I parked myself on a bistro table and enjoyed a leisurely lunch of a salad, a baguette and an iced tea. I was so happy to be seated outside the European bakery in Santana Row on a gorgeous sunny day like today as I toggled my attention between my Kindle and the people walking by. When I got up shortly before 6 am this morning to prepare for a busy day ahead, the last thing I expected was this. It took some time for me to adjust to the idea that today’s agenda would have to be carried over to tomorrow but eventually I stopped looking at my watch and appreciated this unexpected gift that fell on my lap: time.
The water department is doing work on our street to improve our water pressure and very soon our little cul-de-sac will also have its very own fire hydrant. But until then Caterpillars and other heavy machinery will make it difficult to zip in and out of our driveway for errands. So I took with me what I would need for the day, had lunch but with no desire to shop, I spent the better part of the afternoon at my local library.
A library, any library, is a haven for me. Where I’m surrounded by books I feel at home. The one that sits just two miles from my home was rebuilt a few years ago and now it looks like a massive cabin with high ceilings, wood beams, floor-to-ceiling windows and lots of open space surrounding it. I have my favorite spot at the far corner of the library; cozy and quiet with a comfortable chair and table, it gives me a perfect unobstructed view of the world outside. Today I watched kids play on the lawn–actually playing the way kids used to in my time–chasing each other, imitating airplane and firetruck sounds, hiding behind the bushes and wrestling instead of being glued to a smartphone, an iPad or the television. It was so refreshing to witness them being carefree. It helped me to seize the moment myself instead of worrying about the tasks I wasn’t completing.
I leafed through some design magazines and a few cooking publications.
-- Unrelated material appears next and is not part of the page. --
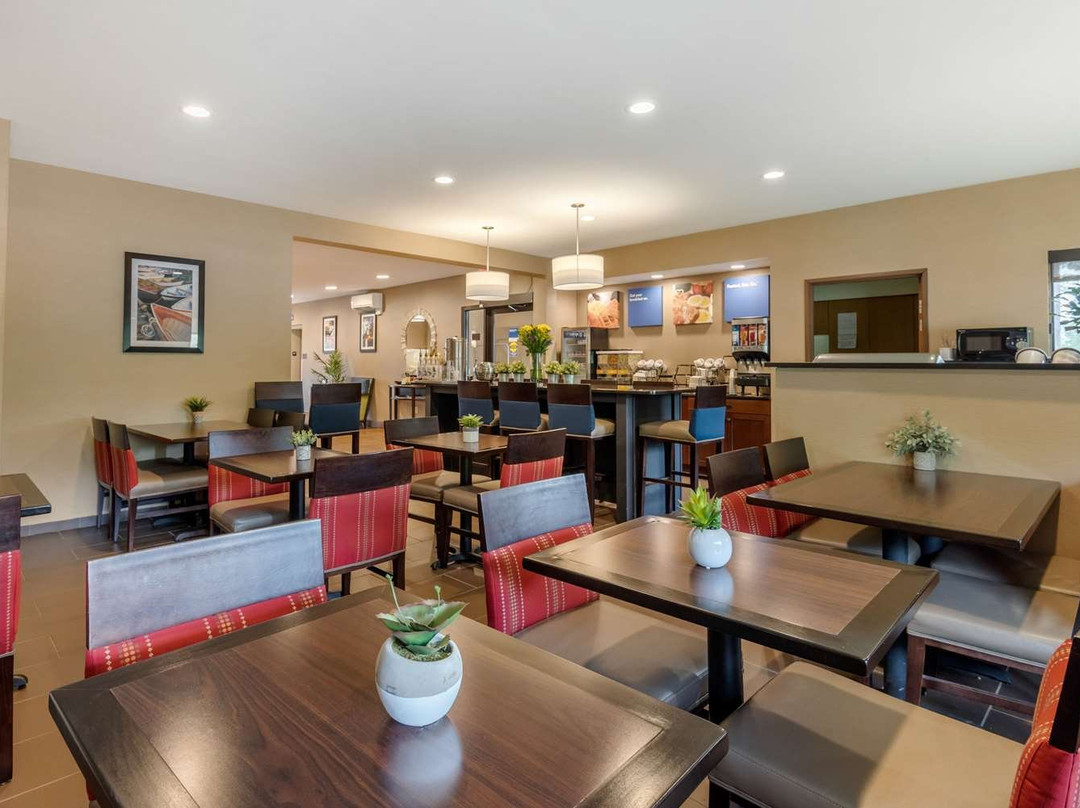 Comfort Inn Ellsworth - Bar Harbor主图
I watched the vendors at the parking lot set up their stalls for the Thursday afternoon farmers market.
I also managed to edit these pictures so I can share this delightful cake.
Wasn’t it just last week that I complained about not being able to bake a sweet treat with cherries? Last Sunday was my lucky day, apparently. I arrived home with a couple of pounds of cherries and no
cherry-thief husband in sight. I knew his bike ride would take at least two hours, enough time to whip up a cake before I’m once again left with only a bowl of cherry stems and pits. With no recipe in hand, I turned to the always-reliable Joy of Baking site for inspiration.
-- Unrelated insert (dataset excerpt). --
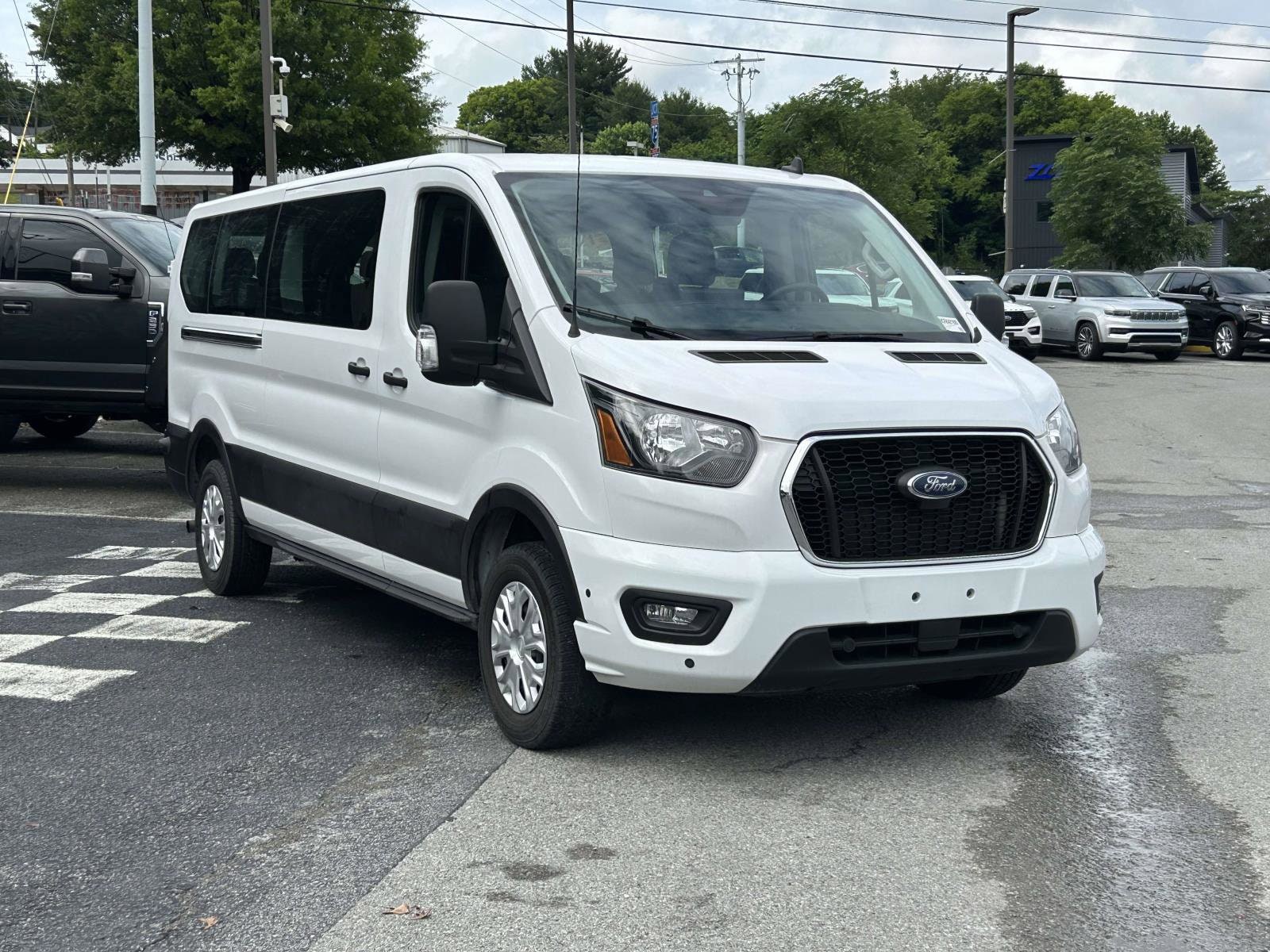 2024 Ford Transit 350 XL Low Roof Sliding Pass. 148's photo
This cake is what my husband came home to after his bike ride. Given that he recently told me he’s not a big fan of cherries I was tempted not to offer him any at all but my mother raised me better than that. I’m sure that he agreed to taste it just to be polite but one bite soon turned into a wedge and by the time the day was over only a small portion was left. I’ll be honest and say that cherry desserts have never been my favorite either but this recipe has changed all that. Cherries and almonds make a great team in this light, spongy cake. I upped the almond flavor just a little from the original recipe and made no significant changes besides that.
A keeper. That’s what this cherry-almond cake is and it was the only thing missing from this otherwise perfectly relaxing day.
- ½ cup (113 grams) unsalted butter
- ¾ pound (350 grams) fresh sweet cherries, divided, rinsed, dried and pitted
- 1 cup (130 grams) all purpose flour
- ½ cup (55 grams) almond meal
- 1½ teaspoons baking powder
- ¼ teaspoon salt
- 2 large eggs
- ¾ cup (150 grams) granulated white sugar (I used superfine)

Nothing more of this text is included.